* **Your objective**
The material below holds pictures; leave them out and reproduce exactly the lines from the one with "deux anciens billets" through the one with "Single natural hand", inclusive.

* **Dataset records**
[Start of Attachment]

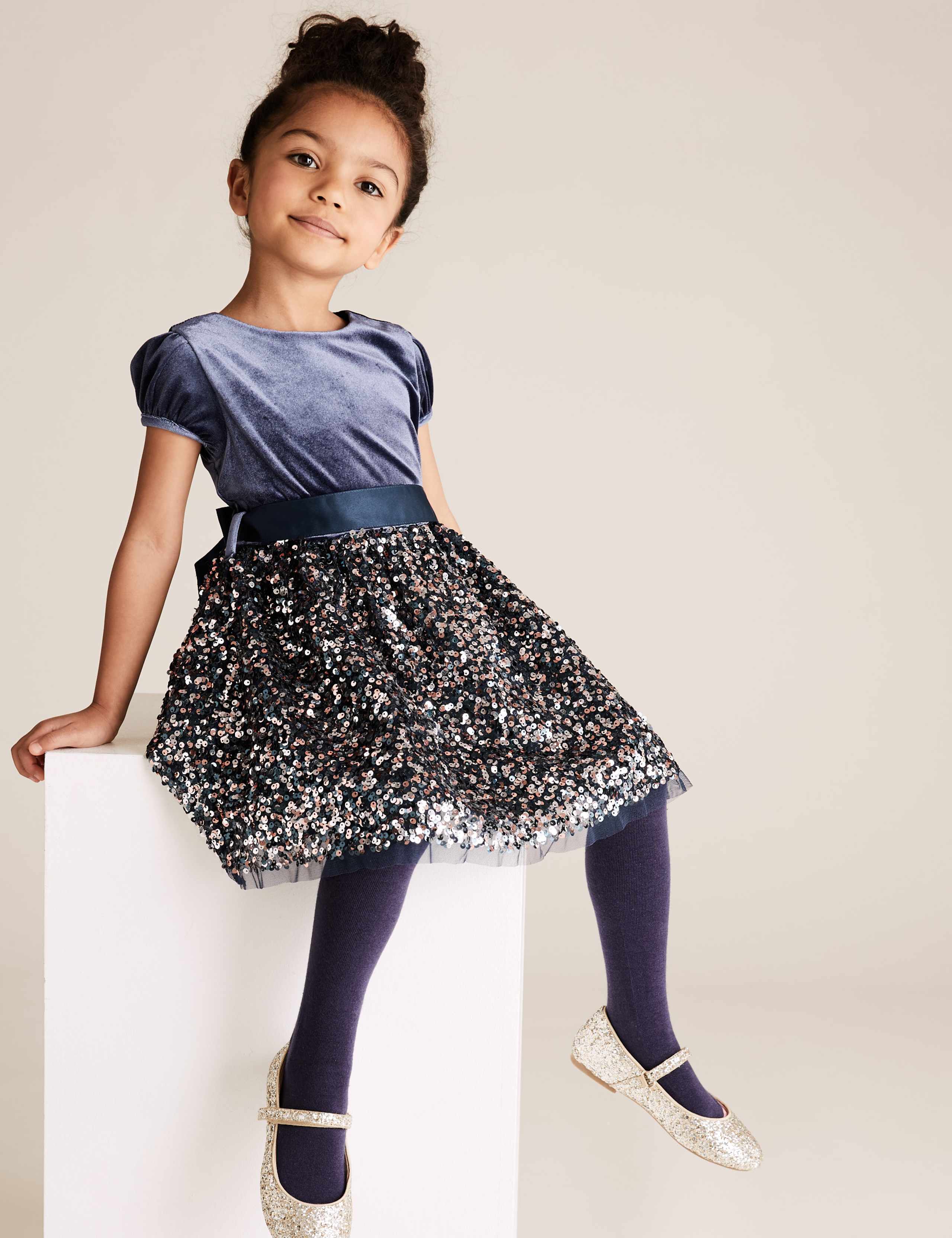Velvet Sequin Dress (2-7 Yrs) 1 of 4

[End of Attachment]
[Start of Attachment]

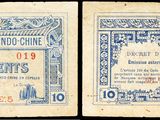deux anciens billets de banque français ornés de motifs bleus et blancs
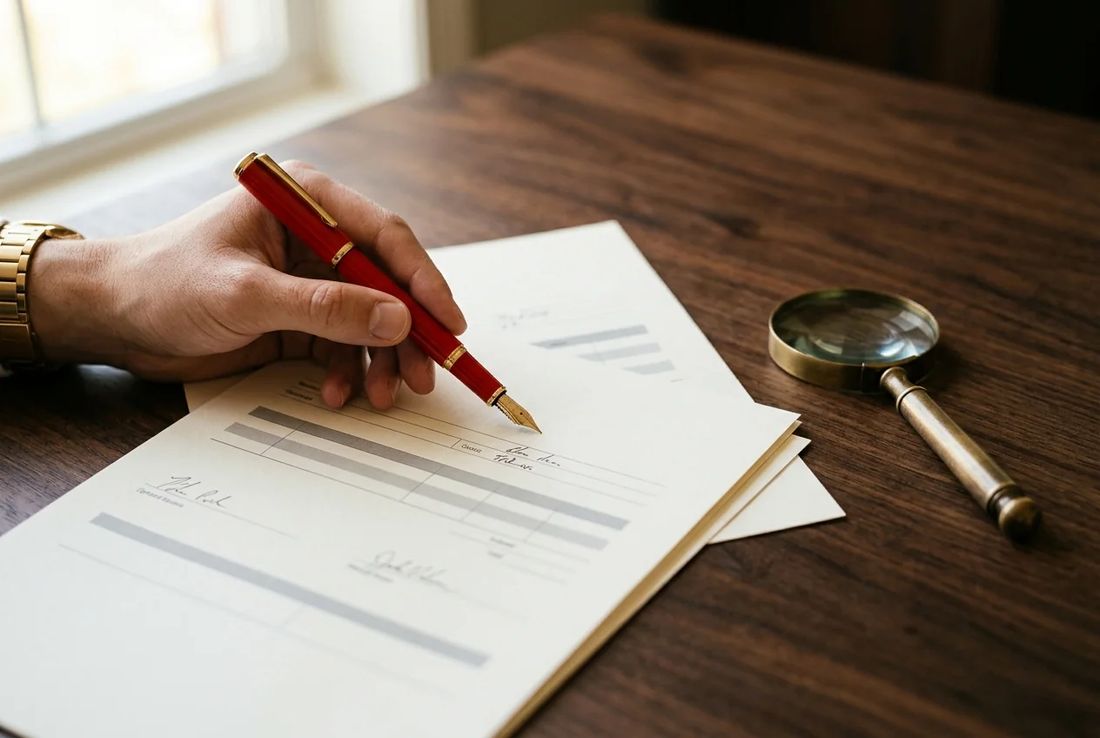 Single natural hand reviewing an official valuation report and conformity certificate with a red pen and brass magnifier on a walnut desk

[End of Attachment]

* **Output**
deux anciens billets de banque français ornés de motifs bleus et blancs
 Single natural hand reviewing an official valuation report and conformity certificate with a red pen and brass magnifier on a walnut desk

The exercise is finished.